Faelan just earned his 1st UD leg, 1st place and his first time in the ring. He has not been trained much due to an injury but I have training stuff in the car. He came along for the ride, Sunfire's Barb and Mike convinced me to give it a try (michelle gave me encouragement too) what wonderful people and one awesome dog


----------



## Vhuynh2 (Feb 13, 2012)

Wow great job!! That's amazing!!


Sent from Petguide.com App


----------



## inge (Sep 20, 2009)

Congratulations!


----------



## Megora (Jun 7, 2010)

Congrats Sharon<:

You realize you have to pose him with his blue ribbon and get us a picture of the sweet guy<:


----------



## Rainheart (Nov 28, 2010)

Wow, congratulations, that's awesome news!!


----------



## hotel4dogs (Sep 29, 2008)

Huge congratulations! What a good boy!


----------



## dogloverforlife (Feb 17, 2013)

Congrats!


Sent from Petguide.com Free App


----------



## hollyk (Feb 21, 2009)

Woohoo!

I don't know how many times I have been told "Trust your dog".

Congrats.


----------



## AmberSunrise (Apr 1, 2009)

Here you go Kate - the unofficial shot. Yes, I have an official pic coming as well but that will be a few weeks.


----------



## OnMyWay2MyDreams (Feb 13, 2011)

Awesome job! He must be one smart dog!


----------



## Hombrespop (Sep 3, 2012)

You obviously have to have a decent dog to work with BUT the congrats in my opinion have to go to the handler-trainer so congrats Sharon job very well done!
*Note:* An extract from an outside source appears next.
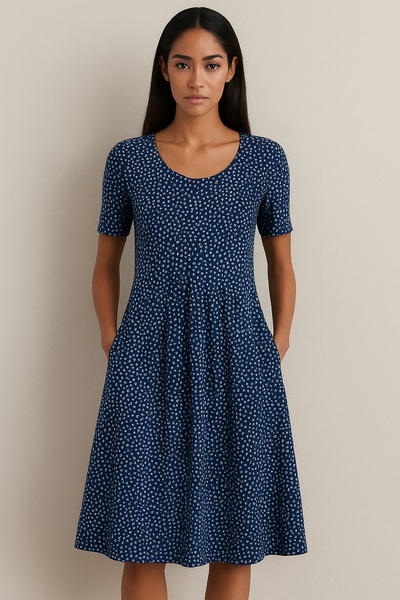 CAROLINA – CHIC DRESS WITH A PLAYFUL PRINT FLAIR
Sent from Petguide.com App


----------



## Sally's Mom (Sep 20, 2010)

Nice going. I remember attaining my UD,title with dear sweet,,Laney. So many ways to mess up. congrats!! To both dogs and you!!!


----------



## TheZ's (Jun 13, 2011)

Congratulations to you and Faelen. It's been a very successfulfew days for you and your crew.


----------



## Nairb (Feb 25, 2012)

Very well done!


----------



## AmberSunrise (Apr 1, 2009)

Grins - received a congratulatory eMail that mentioned Faelan was the only Utility pass in UA or UB from the 3 day set of trials  Nah, not proud at all LOL


----------



## Titan1 (Jan 19, 2010)

So glad you listened. I KNEW you guys would rock it! You are so prepared I figured he would be okay. Glad you had the articles in the Xterra! Big congrats to you both!


----------



## TheZ's (Jun 13, 2011)

Sunrise said:


> Grins - received a congratulatory eMail that mentioned Faelan was the only Utility pass in UA or UB from the 3 day set of trials  Nah, not proud at all LOL


Now that is something to be proud of.


----------



## coaraujo (Nov 2, 2012)

Congratulations!!! What a team you two make


----------



## Lucky Penny (Nov 13, 2011)

Wonderful job!!!!!


----------



## Augie's Mom (Sep 28, 2007)

Congrats, that's amazing!!


----------